I have come to believe that as in the case of people whose eyesight may be failing, and their hearing becomes more acute to compensate, so it is with people whose cognitive capacity may be declining. Their other senses become greater in order to compensate. As a general rule, in my experience working with early and middle stage Alzheimer’s patients, their ability to sense the environment, the “vibes” if you will is acute. They know when they are being treated disrespectfully or cruelly, i.e. in a demeaning fashion. Conversely, if you are genuine and caring and kind with them, they are forgiving and oh so grateful to be treated as a valued human being.

So often they are not treated as such. They are spoken over, or spoken around or ignored or infantilized or neglected. I have come in to their homes, invited by family members because the person was depressed. And when we begin to get to know each other, and I talk with them about their current situation and their past and their memories, using photographs or music or other “prompts”, I find their gratitude and increased self-worth palpable. I also find that they make good use of their intact long term memories, working on issues from childhood and young/middle adulthood that have haunted them, even if no longer consciously. Their depression may have simply been sadness.

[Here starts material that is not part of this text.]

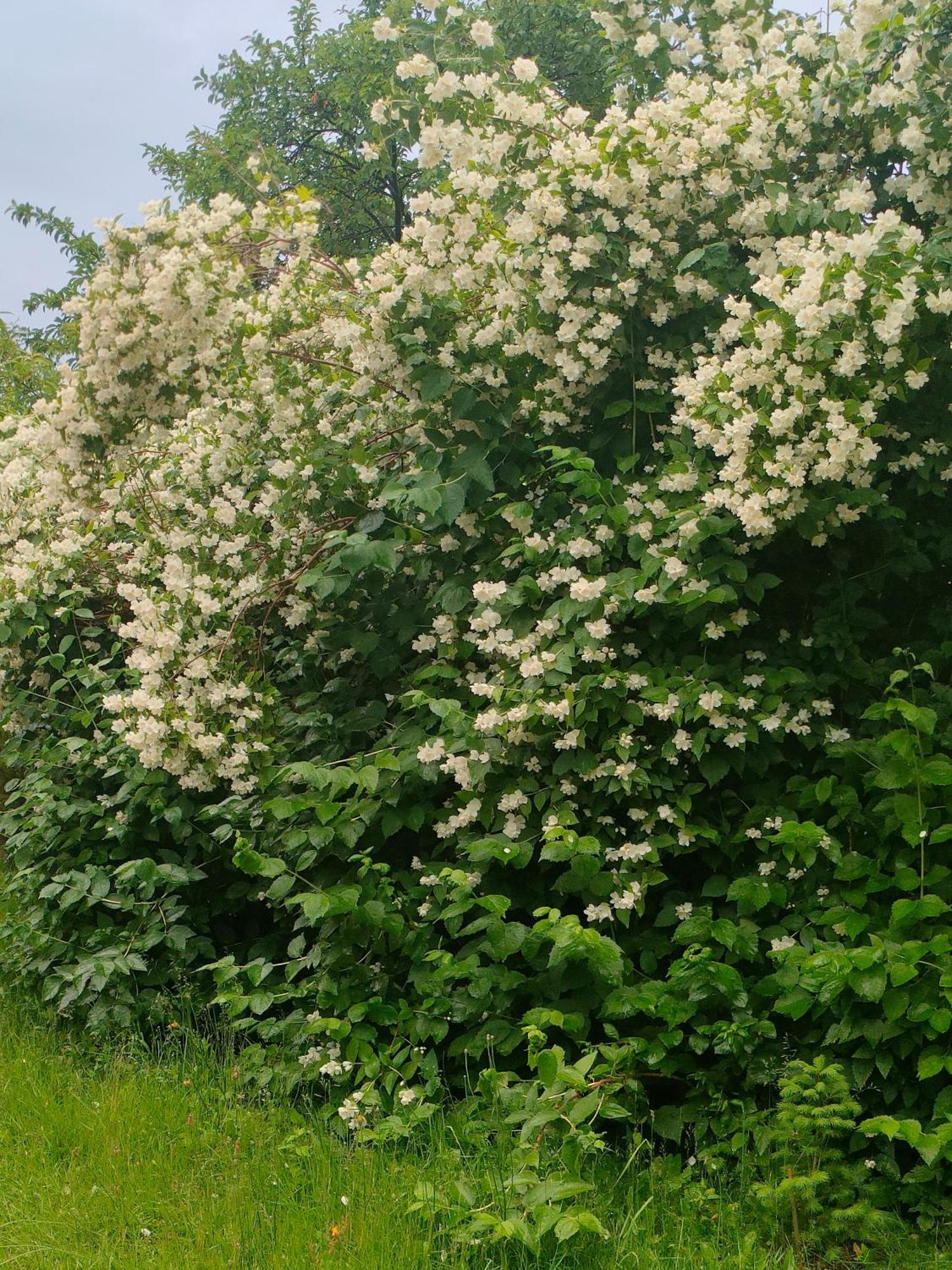 Вилла Gosciniec Koden Экстерьер фото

For example, one woman I saw for two years had been in therapy as a young mother. So she was quite comfortable with the therapeutic setting. In therapy, she worked on some early traumas and experienced healing. The memories no longer elicited reactions of wincing and pain. We were able to diffuse them through recall and loving attention to them without judgment but with understanding and compassion. She had one memory of having to had to hide that she was Jewish when her father took a new job away from their beloved and closeknit NYC neighborhood. She was afraid that if she said anything that revealed her Jewishness he would lose his job which was undoubtedly true. That was a lot of pressure on a young girl! She also remembered, after we had worked together for a while, the shame of bed-wetting into teen years and how she had been demeaned and belittled by her mother about that.

This woman experienced healing through loving attention as she explored some painful memories. In her short term memory, as it declined, she did not remember everything we talked about from week to week. Her adult children joked that they should tell her she went to therapy and not really take her, she wouldn’t know the difference they said. But I knew that what she was experiencing in therapy was contributing to very real increased peace of mind for her, whether she recalled it consciously or not. I felt that subconsciously some pain, shame and sorrow eased.

I won’t take time here to go and find research studies to back up my in-the-field experiences. You can do that by searching for “talk therapy and dementia”.

I do believe, however, in the benefits that can be found in doing loving talk therapy with skilled, trained and experienced competent therapists. Please do not count dementia patients out for respectful treatment and gentle exploration of life review memories. This is what Eric and Joan Ericson said is our developmental task in older age: integrity vs despair. Integrity means to become whole, to look at the integral parts of our lives, using all of our senses. This can be done with Alzheimer’s patients. And they can be helped to expand their integrity and thus decrease their despair. And perhaps take less medications for depression! I have seen this with several of my older adult patients over the years. In fact, they are some of my favorite people and I consider them my teachers.